In captivity, these mice reproduce and live for about four years. Since this species was previously considered endangered, a protection program is in place and government permission is needed for export from Turkey. Only a few zoos in the world have individuals of this species (Chester, Cotswold Wildlife Park, Riga, Prague, Tallinn and Helsinki Zoo).

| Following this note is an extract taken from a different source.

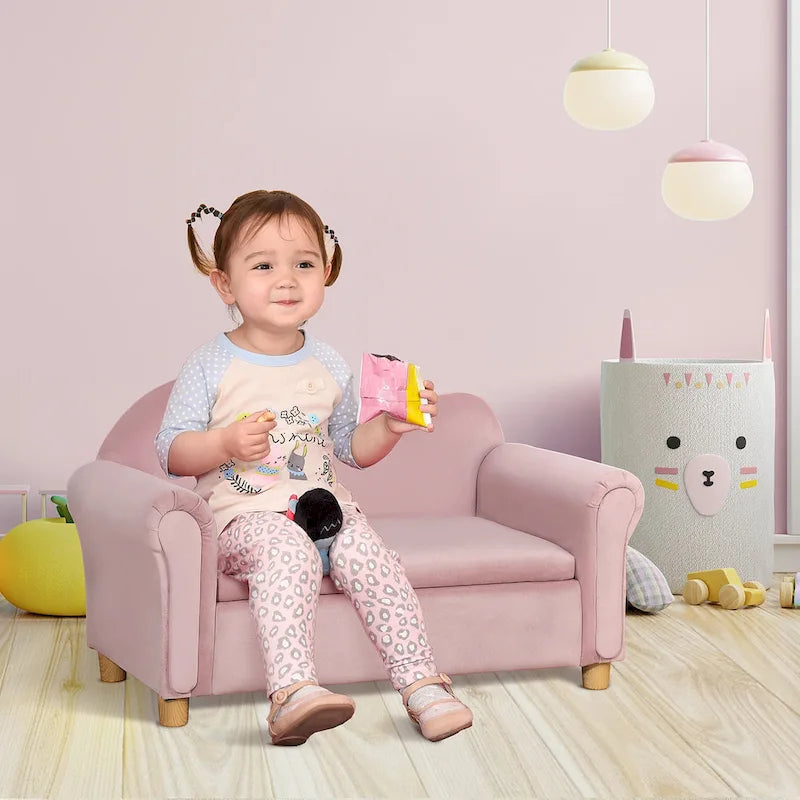 Canapé pour enfants, chaise préscolaire avec accoudoirs en bois, adapté aux chambres d'enfants et aux jardins d'enfants, avec compartiments de rangement cachés.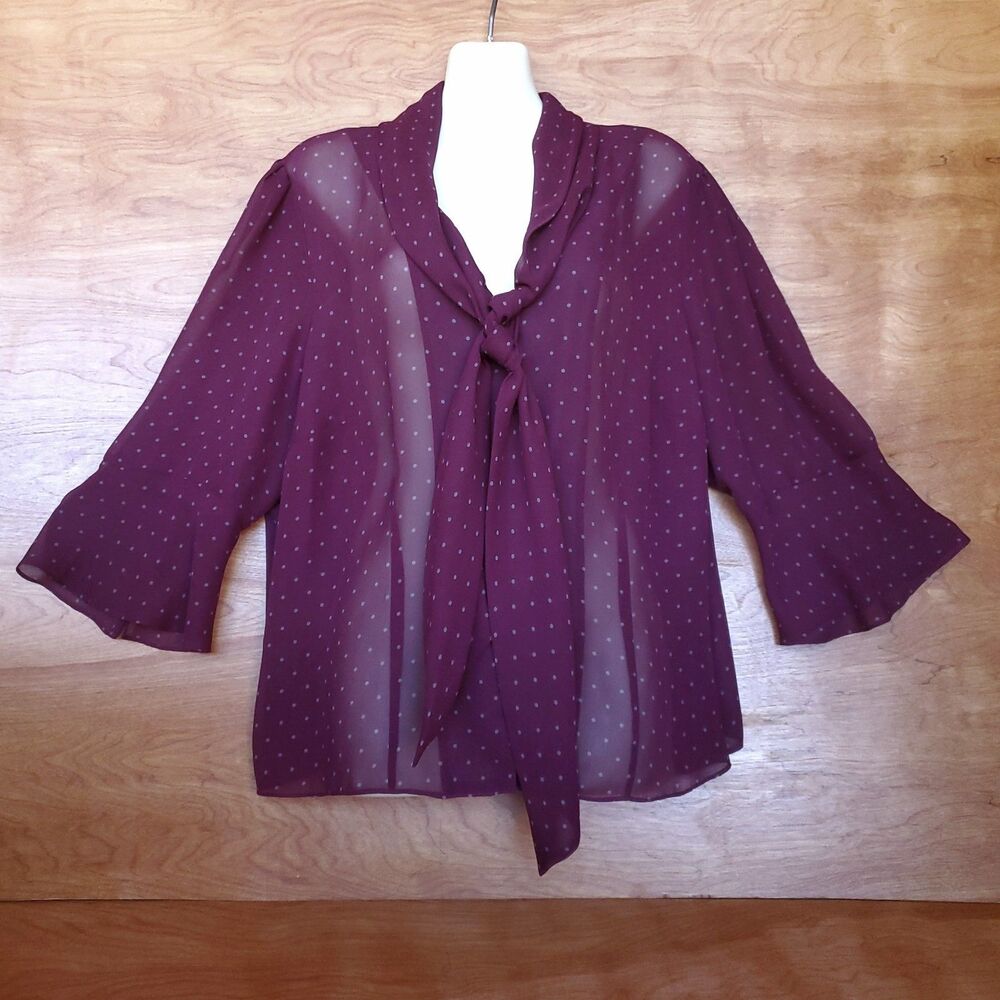 Sheer Polka Dot Tie Neck Blouse Sz 18 Burgundy Wine 3/4 Bell Sleeve Button Up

This species is related to the Cairo spiny mouse (Acomys cahirinus) and the Cyprus spiny mouse (Acomys nesiotes), but significant morphological differences are seen.
| A. cilicicus | A. cilicicus | A. cilicicus in Africasia House at Korkeasaari Zoo in Helsinki |

==Distribution==
This species is endemic to Turkey. It is known only from the type locality 17 km east of the Turkish town of Silifke, located in the south-west of Mersin, along the southern coast of Turkey.

==Habitat==
Its natural habitat is temperate forests, but this species is also lives close to human dwellings.

==Conservation status==
A. cilicicus was previously listed as Critically Endangered, but is now considered Data Deficient because of taxonomic issues, as it may be the same species as the widespread and common northeast Cairo spiny mouse, A. cahirinus.